# Brown Algae Bloom



## WuTang (Oct 22, 2009)

Hi Ive had my new tank up for a month now doing weekly water changes and about a week ago I started seeing brown algae on the sides of the glass. I scrubbed it off and did a water change. Now it just seems to be getting worse and the water is getting cloudy no mater what I do. Do you guys know why this is happening or how to stop it?


----------



## Guest (Oct 7, 2010)

Sounds like diatoms. I get them as well and my tanks have been running for 5+ years. All you can do is take a cloth and gently remove the diatoms from your tank, they also thrive on tanks that have silica sand as substrate so switching to a gravel substrate should help. You can also look into diatom filters.

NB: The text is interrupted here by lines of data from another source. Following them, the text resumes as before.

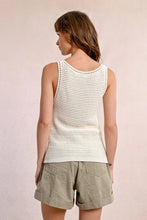 Load image into Gallery viewer, Simple Crochet Tank
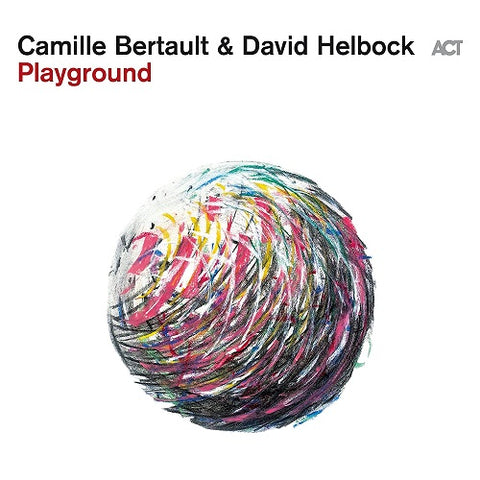 DAVID HELBOCK CAMILLE BERTAULT Playground New CD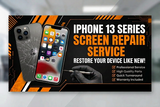 iphone 13 series screen repair service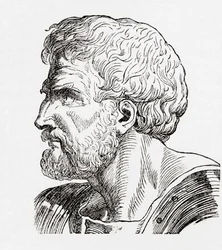 Gaius Marius, de la Historia Ilustrada del Mundo de Ward y Lock, pub. c.1882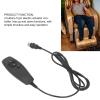 3 Button 5 Pin Lift Chair Hand Control, Electric Actuator Controller for Power Recliner, Replacement Remote for Most Electric Recliners and Lift Chairs, Sofa Motor Control with Core Wire view 2
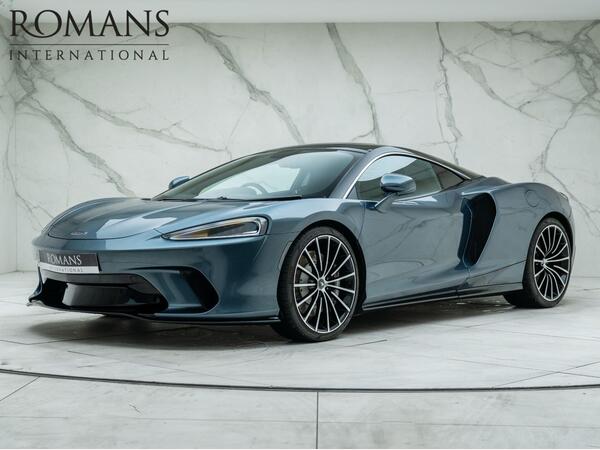 McLaren GT 4.0T V8 SSG Euro 6 (s/s) 2dr
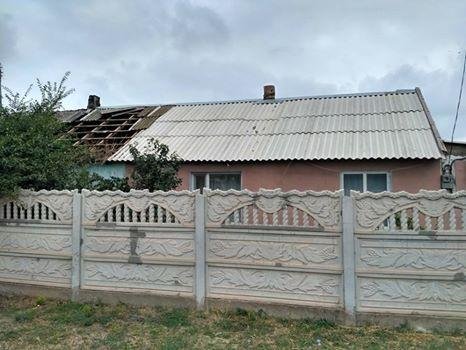 У місті Каланчак горів житловий будинок, фото-1 У місті Каланчак горів житловий будинок, фото-1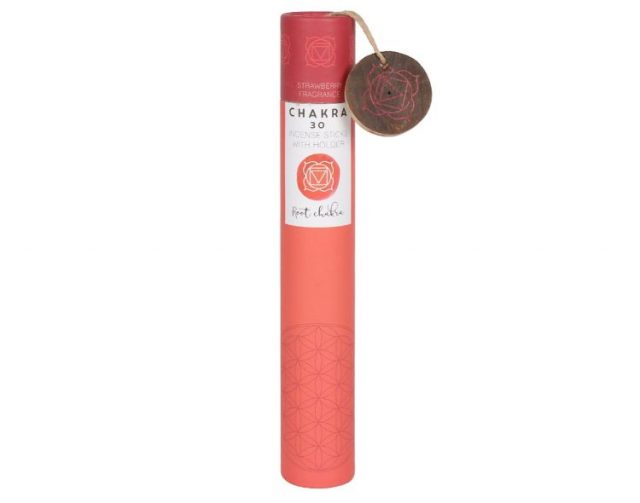 Healing Light Online Psychic Readings and Merchandise Gift set Root Chakra Incense Sticks with Strawberry Frangrance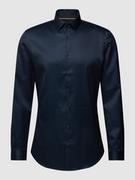 Koszule męskie - Koszula biznesowa o kroju super slim fit z czystej bawełny - miniaturka - grafika 1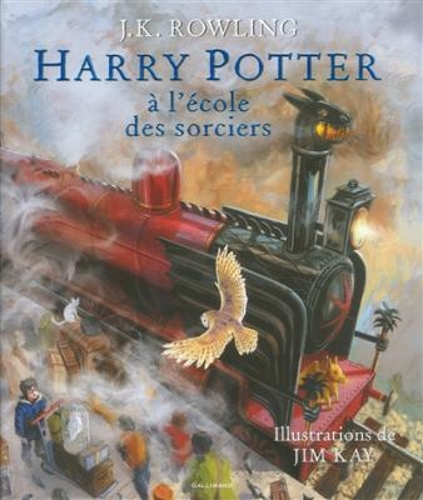 Harry Potter a l'ecole des sorciers, illustre par Jim Kay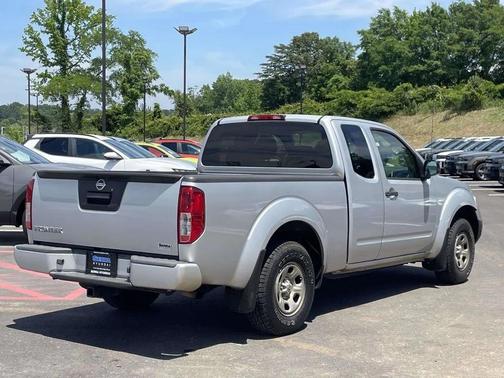 Brilliant Silver 2018 Nissan Frontier S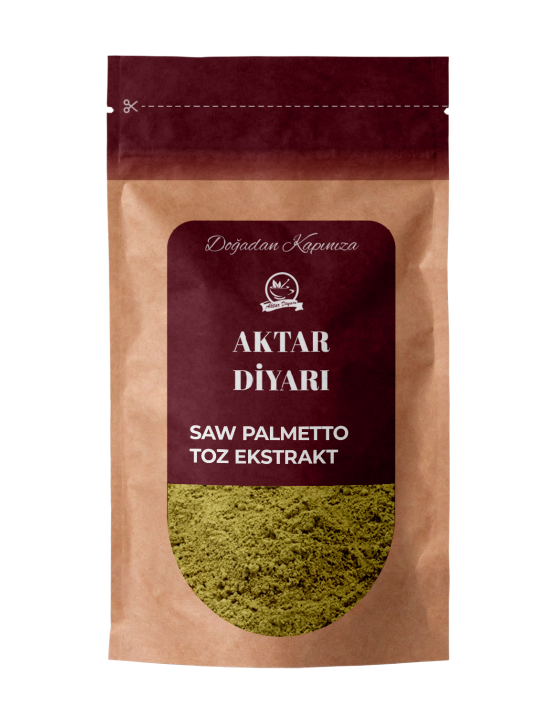 Cüce Palmiye Toz Ekstrakt ( Saw Palmetto ) 50 Gr Cüce Palmiye Toz Ekstrakt ( Saw Palmetto ) 50 Gr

I just keep wiping them off of everything every water change.


----------



## I Can Mate (Apr 8, 2010)

It happens a lot in new tanks and as it matures it will go away on its own


----------



## duster1971 (Jan 23, 2010)

I wuld just wipe down the tank. It seems to be an issue way more with sand as was stated befor when I first set up my tank it was about a weekly thing now mabe bout once amonth it pops up and I just wipe it back off again.


----------



## FEEFA (Nov 19, 2007)

What lights are you running and how long are they on for?


----------



## shadyshoal (Jul 19, 2010)

i have the same problem, my light has been on a lot too. is there a certain amount of light per day rule i should be following?


----------



## I Can Mate (Apr 8, 2010)

lights should be on from 8-10hrs depending on what type of lighting. But brown alage appears from excess silica in the water or newly setup tanks. As the tank mature it should away on its own. Brown algae also grows wit minimum lights so your lighting is not the cause.


----------



## random (Jul 12, 2006)

Is brown spotted algae the same as the one mentioned here.?


----------